Data below:
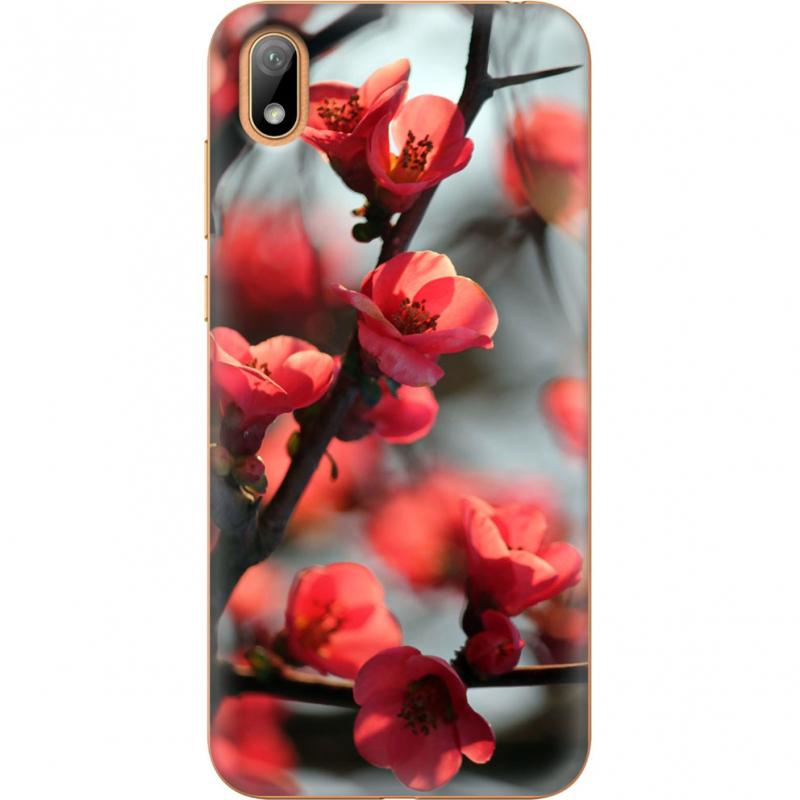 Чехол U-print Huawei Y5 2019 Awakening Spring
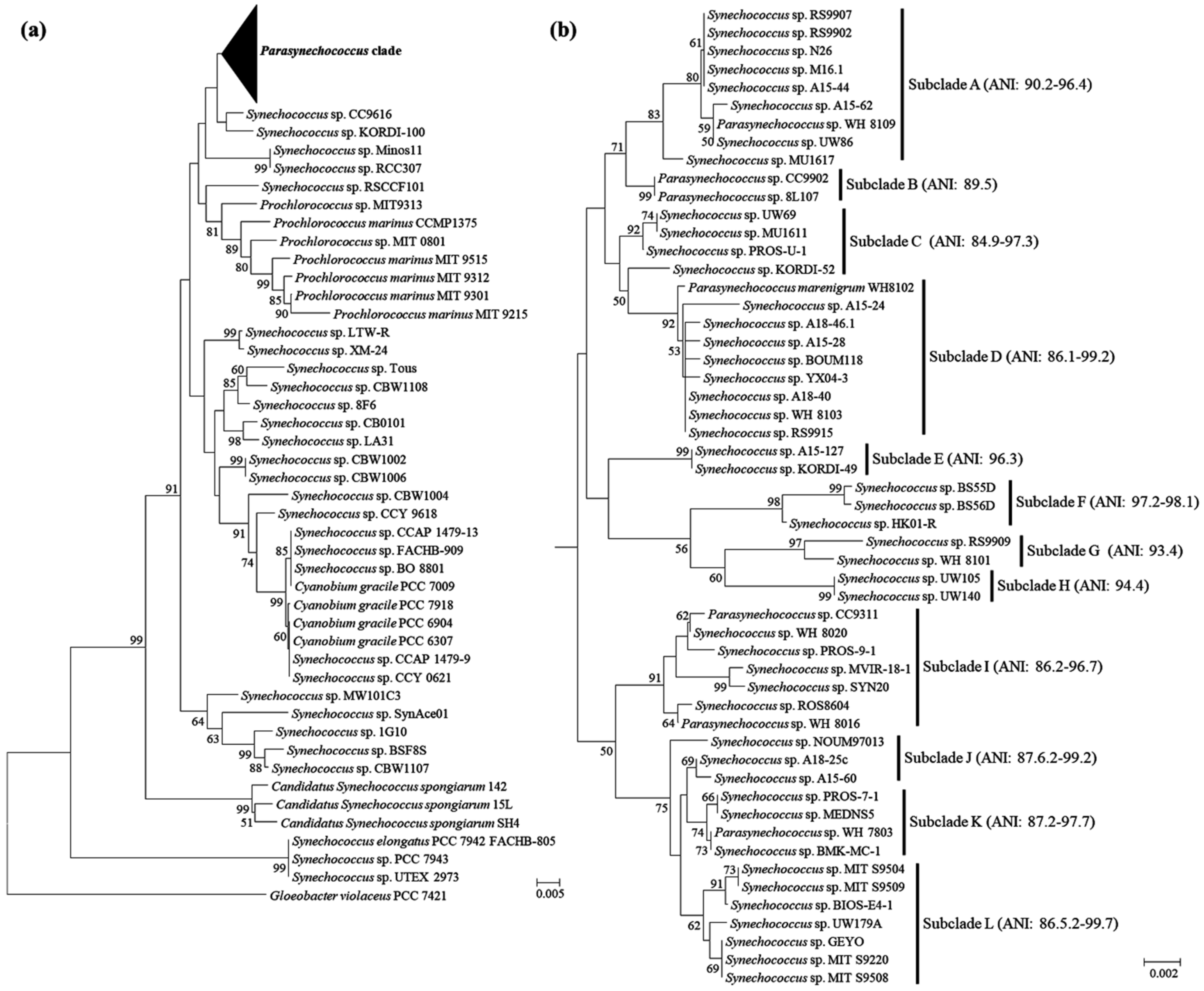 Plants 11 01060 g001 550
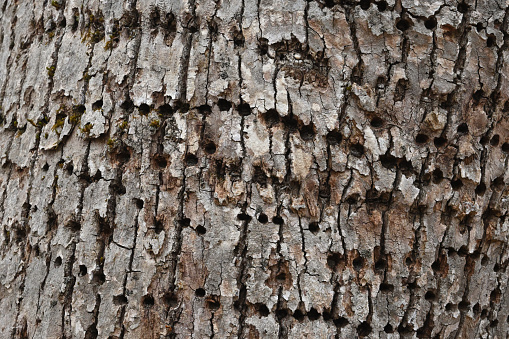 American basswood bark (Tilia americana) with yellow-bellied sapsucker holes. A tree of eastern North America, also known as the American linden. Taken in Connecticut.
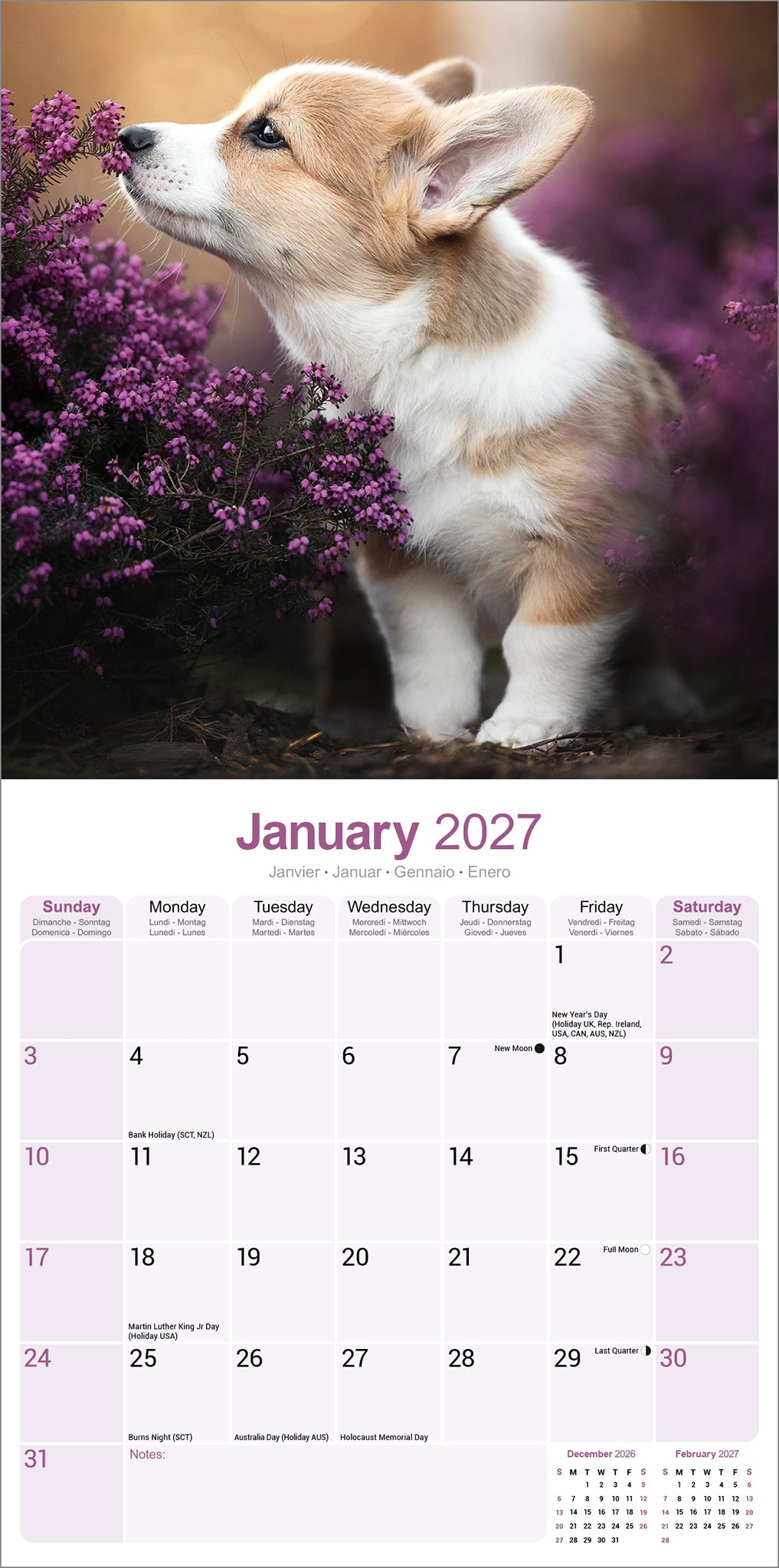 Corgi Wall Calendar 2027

Problem to work on: All of the data above should be printed again exactly, though none of the pictures belong in the copy.

Result:
 Чехол U-print Huawei Y5 2019 Awakening Spring
 Plants 11 01060 g001 550
 American basswood bark (Tilia americana) with yellow-bellied sapsucker holes. A tree of eastern North America, also known as the American linden. Taken in Connecticut.
 Corgi Wall Calendar 2027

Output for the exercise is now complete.